# Records to process
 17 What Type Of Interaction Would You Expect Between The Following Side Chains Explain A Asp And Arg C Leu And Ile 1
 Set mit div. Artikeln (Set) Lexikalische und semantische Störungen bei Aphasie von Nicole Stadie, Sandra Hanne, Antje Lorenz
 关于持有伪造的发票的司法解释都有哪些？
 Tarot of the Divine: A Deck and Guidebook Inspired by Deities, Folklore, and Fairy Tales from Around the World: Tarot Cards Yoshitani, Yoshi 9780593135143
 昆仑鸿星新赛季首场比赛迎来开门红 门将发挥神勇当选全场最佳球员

--

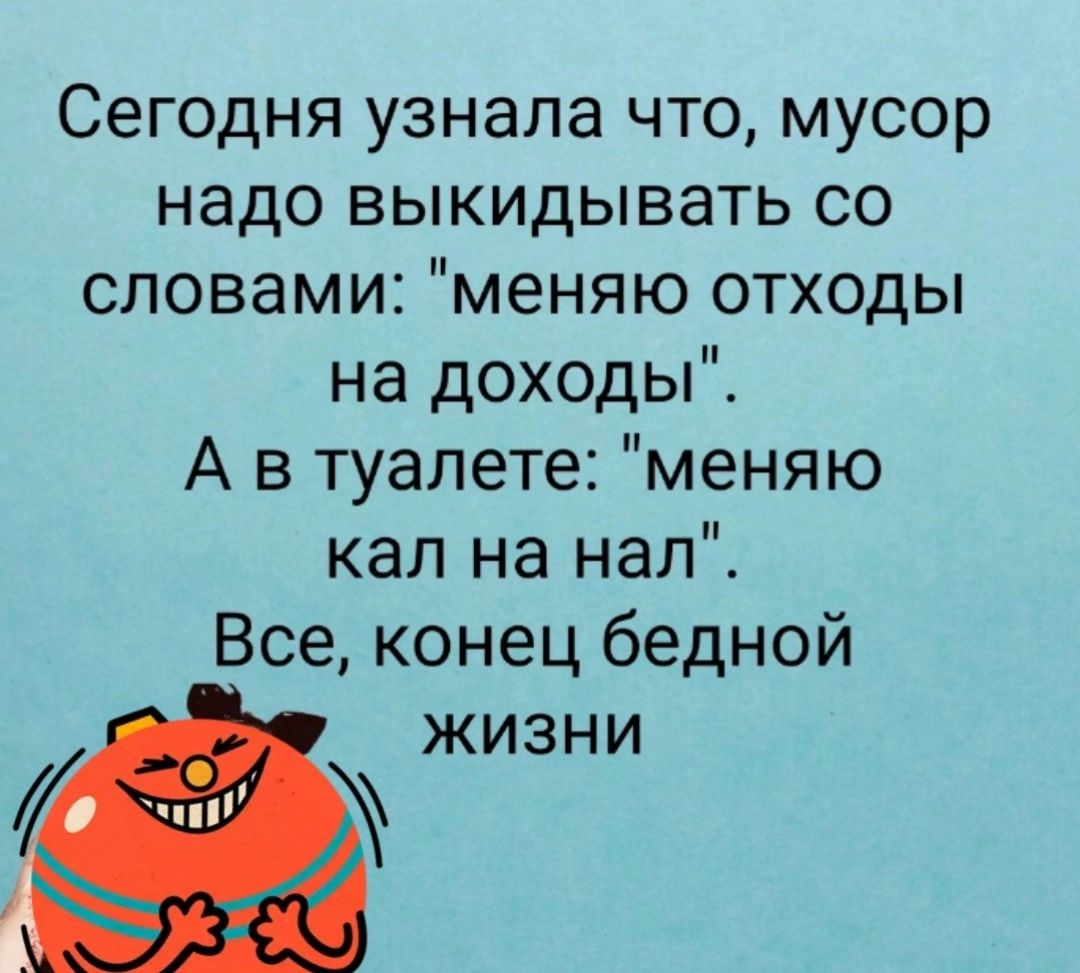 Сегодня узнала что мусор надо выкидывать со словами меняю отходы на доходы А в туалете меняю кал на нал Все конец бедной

# Task directions
Output the lines of the records above exactly as they appear, from the line containing "17 What Type" through the line containing "昆仑鸿星新赛季首场比赛迎来开门红 门将发挥神勇当选全场最佳球员".

# Answer to the exercise
 17 What Type Of Interaction Would You Expect Between The Following Side Chains Explain A Asp And Arg C Leu And Ile 1
 Set mit div. Artikeln (Set) Lexikalische und semantische Störungen bei Aphasie von Nicole Stadie, Sandra Hanne, Antje Lorenz
 关于持有伪造的发票的司法解释都有哪些？
 Tarot of the Divine: A Deck and Guidebook Inspired by Deities, Folklore, and Fairy Tales from Around the World: Tarot Cards Yoshitani, Yoshi 9780593135143
 昆仑鸿星新赛季首场比赛迎来开门红 门将发挥神勇当选全场最佳球员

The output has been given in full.